This being the all-star break in baseball, it's time to share an interesting tidbit involving America's government and America's pastime. Here are the major league clubs ranked in terms of payroll:
The top ten, if you don't care to click:
1. New York Yankees $209,081,579
2. Detroit Tigers $138,685,197
3. New York Mets $138,293,378
4. Boston Red Sox $133,440,037
5. Chicago White Sox $121,152,667
6. Los Angeles Angels $119,216,333
7. Chicago Cubs $118,595,833
8. Los Angeles Dodgers $118,536,038
9. Seattle Mariners $117,993,982
10. Atlanta Braves $102,424,018
Four of those clubs are in first place in their division at the break (Red Sox, White Sox, Angels, Cubs) and both New York teams are well over .500, so teams that spend a lot obviously also benefit in the standings. (On the other hand, the Mariners are now have 37 wins and 58 losses; making them one of the worst teams in baseball. Nobody in 2008 has spent more and gotten less except maybe Hillary Clinton.)

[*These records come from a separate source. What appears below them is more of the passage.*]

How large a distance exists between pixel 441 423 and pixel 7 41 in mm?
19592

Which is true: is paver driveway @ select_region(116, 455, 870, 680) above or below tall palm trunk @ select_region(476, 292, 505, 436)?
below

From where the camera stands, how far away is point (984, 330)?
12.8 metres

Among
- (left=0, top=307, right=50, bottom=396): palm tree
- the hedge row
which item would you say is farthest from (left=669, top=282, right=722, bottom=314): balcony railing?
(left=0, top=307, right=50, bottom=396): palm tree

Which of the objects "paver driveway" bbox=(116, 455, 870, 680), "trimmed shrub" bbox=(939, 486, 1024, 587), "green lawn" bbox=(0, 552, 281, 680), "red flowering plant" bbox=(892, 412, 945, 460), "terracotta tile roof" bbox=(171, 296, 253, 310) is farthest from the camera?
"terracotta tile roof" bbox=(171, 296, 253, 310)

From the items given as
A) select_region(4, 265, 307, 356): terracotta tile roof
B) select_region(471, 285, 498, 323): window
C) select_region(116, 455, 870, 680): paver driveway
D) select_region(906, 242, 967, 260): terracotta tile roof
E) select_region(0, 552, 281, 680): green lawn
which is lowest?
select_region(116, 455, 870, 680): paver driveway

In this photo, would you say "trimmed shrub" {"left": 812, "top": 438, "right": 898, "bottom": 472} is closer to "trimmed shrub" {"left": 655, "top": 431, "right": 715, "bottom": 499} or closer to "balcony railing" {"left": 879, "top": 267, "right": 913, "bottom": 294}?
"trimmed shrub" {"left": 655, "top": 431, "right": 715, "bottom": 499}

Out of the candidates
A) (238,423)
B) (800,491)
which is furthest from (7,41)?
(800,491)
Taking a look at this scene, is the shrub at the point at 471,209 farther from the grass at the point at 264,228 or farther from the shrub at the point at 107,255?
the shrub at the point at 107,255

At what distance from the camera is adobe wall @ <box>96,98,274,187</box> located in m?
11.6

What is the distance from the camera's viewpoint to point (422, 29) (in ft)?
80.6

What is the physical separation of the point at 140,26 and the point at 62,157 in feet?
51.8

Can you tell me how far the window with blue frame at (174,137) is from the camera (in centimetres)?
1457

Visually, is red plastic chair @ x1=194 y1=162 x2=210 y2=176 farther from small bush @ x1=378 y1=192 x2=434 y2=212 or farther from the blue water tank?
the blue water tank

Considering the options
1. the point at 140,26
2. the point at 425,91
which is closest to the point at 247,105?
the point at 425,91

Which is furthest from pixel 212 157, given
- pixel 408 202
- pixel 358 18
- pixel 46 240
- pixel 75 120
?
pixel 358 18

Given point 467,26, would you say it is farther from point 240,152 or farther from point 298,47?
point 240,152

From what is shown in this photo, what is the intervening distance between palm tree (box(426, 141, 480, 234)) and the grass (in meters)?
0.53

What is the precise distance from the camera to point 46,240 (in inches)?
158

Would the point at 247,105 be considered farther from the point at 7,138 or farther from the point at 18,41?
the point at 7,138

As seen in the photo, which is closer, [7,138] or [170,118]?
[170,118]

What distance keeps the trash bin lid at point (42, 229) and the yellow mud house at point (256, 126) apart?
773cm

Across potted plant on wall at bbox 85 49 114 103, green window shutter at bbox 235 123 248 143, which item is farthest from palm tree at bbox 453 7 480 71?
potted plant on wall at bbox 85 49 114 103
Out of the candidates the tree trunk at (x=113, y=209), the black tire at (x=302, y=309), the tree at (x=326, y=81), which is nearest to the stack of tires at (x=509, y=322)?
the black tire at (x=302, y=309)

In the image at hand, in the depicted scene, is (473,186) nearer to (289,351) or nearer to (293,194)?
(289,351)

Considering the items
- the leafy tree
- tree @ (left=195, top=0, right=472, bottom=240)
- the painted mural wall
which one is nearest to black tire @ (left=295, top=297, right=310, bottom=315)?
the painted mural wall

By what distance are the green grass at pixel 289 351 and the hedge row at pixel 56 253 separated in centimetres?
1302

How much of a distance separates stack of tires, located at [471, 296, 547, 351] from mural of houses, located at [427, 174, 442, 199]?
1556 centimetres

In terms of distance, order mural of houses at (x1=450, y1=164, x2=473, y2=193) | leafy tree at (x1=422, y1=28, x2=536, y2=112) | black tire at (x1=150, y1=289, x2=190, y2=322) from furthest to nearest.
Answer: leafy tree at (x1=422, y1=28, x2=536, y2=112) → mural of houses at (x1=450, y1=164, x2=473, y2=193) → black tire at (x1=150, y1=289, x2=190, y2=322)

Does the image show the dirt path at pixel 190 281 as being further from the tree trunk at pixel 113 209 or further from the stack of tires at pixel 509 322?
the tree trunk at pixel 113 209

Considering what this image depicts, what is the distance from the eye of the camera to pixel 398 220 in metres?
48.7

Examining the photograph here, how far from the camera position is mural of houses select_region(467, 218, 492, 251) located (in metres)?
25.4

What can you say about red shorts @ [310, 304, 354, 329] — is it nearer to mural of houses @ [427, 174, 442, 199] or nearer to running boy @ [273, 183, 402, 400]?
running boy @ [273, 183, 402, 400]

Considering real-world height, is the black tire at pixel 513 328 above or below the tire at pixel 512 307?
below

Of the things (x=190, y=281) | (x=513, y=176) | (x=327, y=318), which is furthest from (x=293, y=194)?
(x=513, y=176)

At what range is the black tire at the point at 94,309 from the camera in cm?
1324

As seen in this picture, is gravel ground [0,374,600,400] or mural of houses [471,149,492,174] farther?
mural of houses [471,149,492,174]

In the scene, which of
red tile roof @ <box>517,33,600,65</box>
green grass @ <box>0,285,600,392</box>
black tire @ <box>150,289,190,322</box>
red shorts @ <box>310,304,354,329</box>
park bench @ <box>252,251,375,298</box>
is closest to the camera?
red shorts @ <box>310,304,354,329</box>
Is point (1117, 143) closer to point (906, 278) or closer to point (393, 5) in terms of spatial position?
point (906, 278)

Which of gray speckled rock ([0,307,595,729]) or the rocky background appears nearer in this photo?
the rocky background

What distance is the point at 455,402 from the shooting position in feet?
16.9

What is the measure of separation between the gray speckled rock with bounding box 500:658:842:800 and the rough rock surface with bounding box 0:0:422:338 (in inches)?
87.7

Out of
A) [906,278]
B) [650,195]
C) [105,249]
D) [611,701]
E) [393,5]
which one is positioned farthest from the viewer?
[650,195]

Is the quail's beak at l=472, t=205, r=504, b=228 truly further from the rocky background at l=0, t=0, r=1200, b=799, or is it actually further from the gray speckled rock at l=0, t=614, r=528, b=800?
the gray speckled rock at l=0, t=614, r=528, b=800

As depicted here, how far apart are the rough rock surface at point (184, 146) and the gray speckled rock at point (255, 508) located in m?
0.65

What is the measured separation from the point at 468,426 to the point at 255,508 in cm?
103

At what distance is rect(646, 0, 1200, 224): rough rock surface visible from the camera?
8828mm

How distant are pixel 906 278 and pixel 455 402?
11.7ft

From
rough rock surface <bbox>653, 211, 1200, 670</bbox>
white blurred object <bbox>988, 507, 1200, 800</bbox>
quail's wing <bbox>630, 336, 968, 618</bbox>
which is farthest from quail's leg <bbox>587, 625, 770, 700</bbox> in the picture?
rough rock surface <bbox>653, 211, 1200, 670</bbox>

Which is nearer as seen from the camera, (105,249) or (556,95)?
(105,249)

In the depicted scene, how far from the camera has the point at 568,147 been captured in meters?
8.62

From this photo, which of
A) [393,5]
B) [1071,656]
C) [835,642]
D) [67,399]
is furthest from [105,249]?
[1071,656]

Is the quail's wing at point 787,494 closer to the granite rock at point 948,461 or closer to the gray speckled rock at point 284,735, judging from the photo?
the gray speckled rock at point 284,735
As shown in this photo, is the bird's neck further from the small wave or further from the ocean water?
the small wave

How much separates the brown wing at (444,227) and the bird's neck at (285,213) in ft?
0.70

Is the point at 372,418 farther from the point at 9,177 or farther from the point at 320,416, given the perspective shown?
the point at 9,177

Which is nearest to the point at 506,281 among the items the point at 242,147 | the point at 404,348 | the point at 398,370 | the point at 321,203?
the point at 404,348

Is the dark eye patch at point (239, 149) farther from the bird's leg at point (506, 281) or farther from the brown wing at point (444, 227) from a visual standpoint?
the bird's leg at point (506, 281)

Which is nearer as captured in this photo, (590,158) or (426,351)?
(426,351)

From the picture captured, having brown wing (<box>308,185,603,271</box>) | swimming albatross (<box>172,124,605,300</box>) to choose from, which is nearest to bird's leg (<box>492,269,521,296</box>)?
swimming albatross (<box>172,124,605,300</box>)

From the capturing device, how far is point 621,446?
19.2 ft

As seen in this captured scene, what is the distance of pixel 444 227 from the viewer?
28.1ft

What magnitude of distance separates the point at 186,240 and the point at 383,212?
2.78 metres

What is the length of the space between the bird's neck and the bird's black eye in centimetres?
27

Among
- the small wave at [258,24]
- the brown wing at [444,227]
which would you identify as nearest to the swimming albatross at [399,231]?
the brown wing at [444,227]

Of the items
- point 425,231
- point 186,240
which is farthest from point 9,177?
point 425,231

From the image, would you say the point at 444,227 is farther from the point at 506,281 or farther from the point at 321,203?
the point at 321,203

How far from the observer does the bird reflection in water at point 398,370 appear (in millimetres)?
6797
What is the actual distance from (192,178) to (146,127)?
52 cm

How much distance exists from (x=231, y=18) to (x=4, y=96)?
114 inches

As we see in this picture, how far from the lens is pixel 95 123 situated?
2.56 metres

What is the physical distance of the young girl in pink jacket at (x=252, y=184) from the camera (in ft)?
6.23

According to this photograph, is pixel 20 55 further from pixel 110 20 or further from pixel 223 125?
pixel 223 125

In 1860, the entire federal budget was sixty-three million dollars (Foner, Reconstruction: America's Unfinished Revolution, 1988, p. 23). Out of the thirty major league baseball teams, only seven have payrolls in 2008 that are lower than what the entire U.S. government spent right before the Civil War.
Or how about looking at it this way: the 2008 Washington Nationals payroll, one of the lowest in baseball, is within ten million bucks of the 1860 Washington national expenditures. The New York Yankees of today pay their players more than three times what the Yankee government spent 148 years ago. Probably a few of their men slept with Madonna, too.
Alas, the age of low American budgets was ending in 1860, thanks to the Civil War. As Foner notes, the federal budget grew to over a billion dollars by 1865.
And you know what? A billion dollars is still less than what teams 1 through 8 in the list above, added together, are spending on their 2008 payrolls.
I just hope the Cubs make the World Series this year. It's an exaggeration to say they've not been there since the Civil War, actually it was right after World War II that the fall classic last came to Wrigley Field. But it's still a long, long, time; I hope the big payroll at Wrigley finally pays dividends.